> _Aim of the task_
Please write out the data below once more, exactly as it stands.

======== Exercise data

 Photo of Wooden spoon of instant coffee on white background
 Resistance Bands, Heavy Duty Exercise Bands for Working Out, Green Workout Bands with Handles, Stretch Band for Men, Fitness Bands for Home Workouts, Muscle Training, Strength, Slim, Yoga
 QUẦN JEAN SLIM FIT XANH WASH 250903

================

> _Solution to this problem_
 Photo of Wooden spoon of instant coffee on white background
 Resistance Bands, Heavy Duty Exercise Bands for Working Out, Green Workout Bands with Handles, Stretch Band for Men, Fitness Bands for Home Workouts, Muscle Training, Strength, Slim, Yoga
 QUẦN JEAN SLIM FIT XANH WASH 250903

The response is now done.